■ **Task directions**:
Set down the whole listing below exactly. The pictures stay out.

■ **Supplied data**:
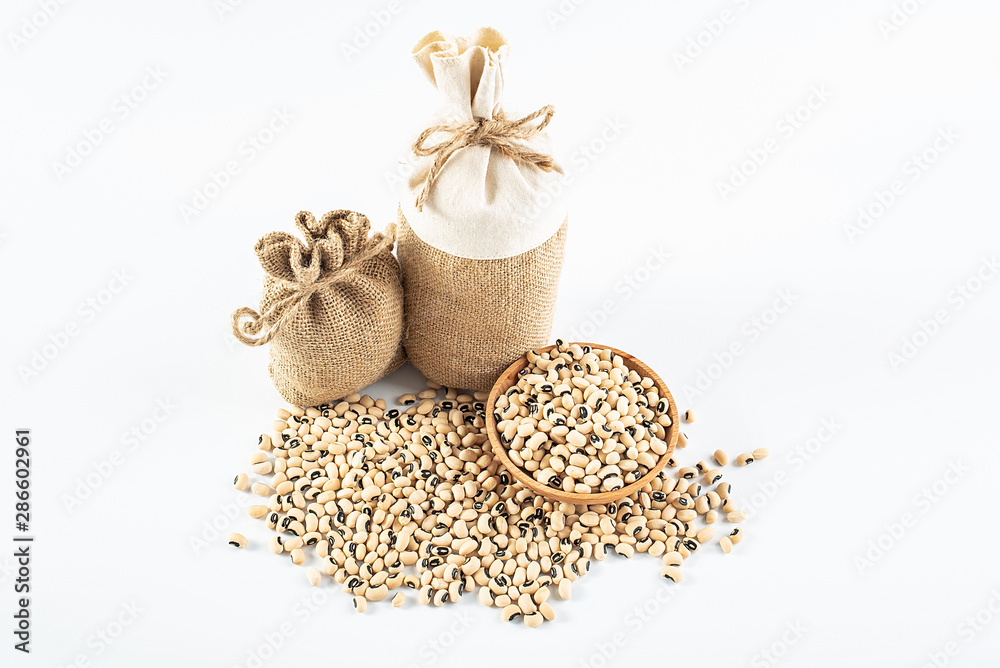 Sacks filled with grain and a bowl of rice beans on a white background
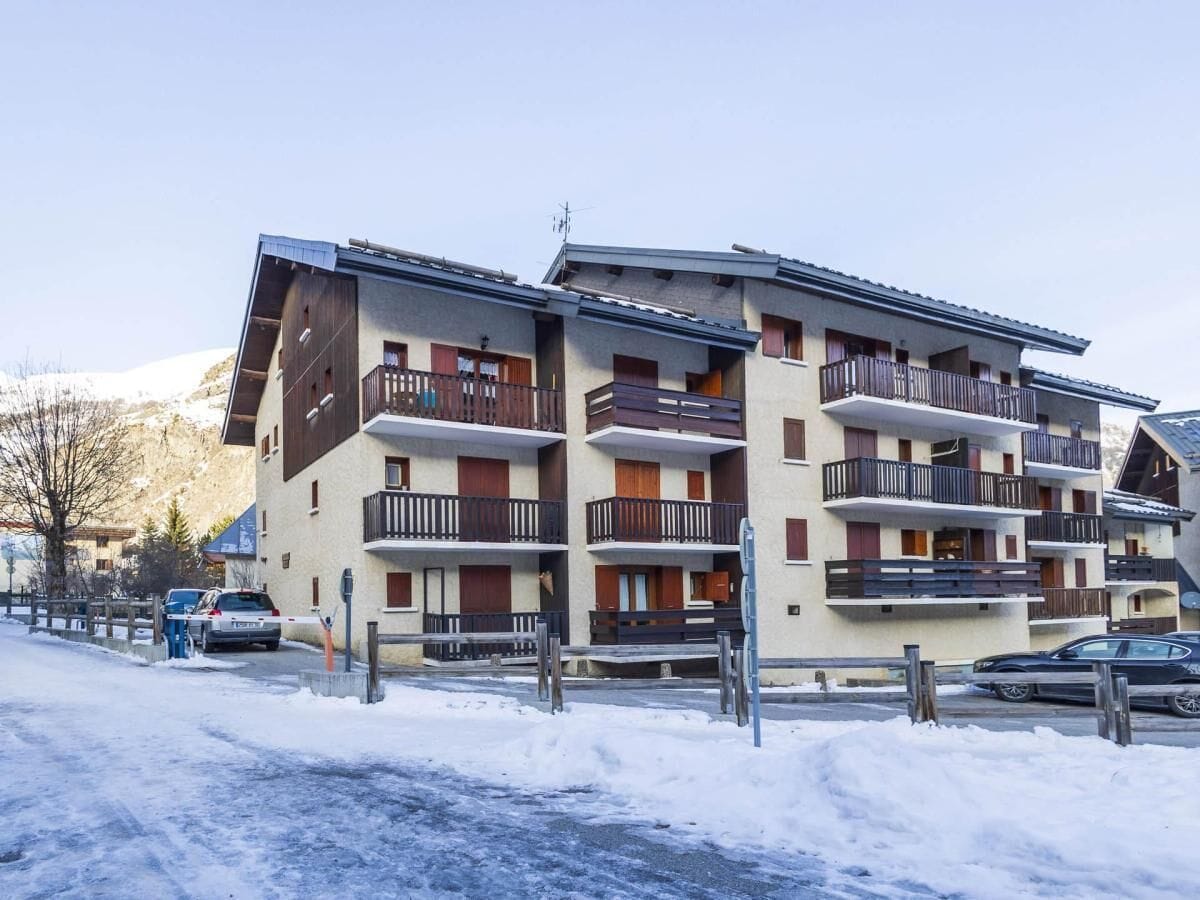 A multi-story hotel with balconies, a ski slope in the background, and a snow-covered ground.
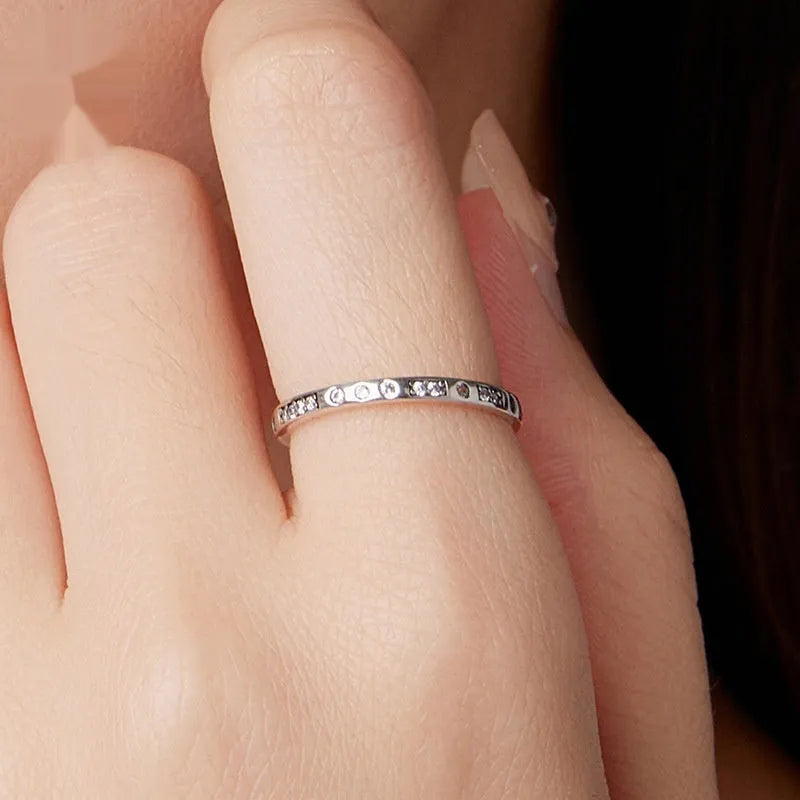 Silver Moss Password I Love You ring with oxidised black finish on a simple band.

■ **Answer box**:
 Sacks filled with grain and a bowl of rice beans on a white background
 A multi-story hotel with balconies, a ski slope in the background, and a snow-covered ground.
 Silver Moss Password I Love You ring with oxidised black finish on a simple band.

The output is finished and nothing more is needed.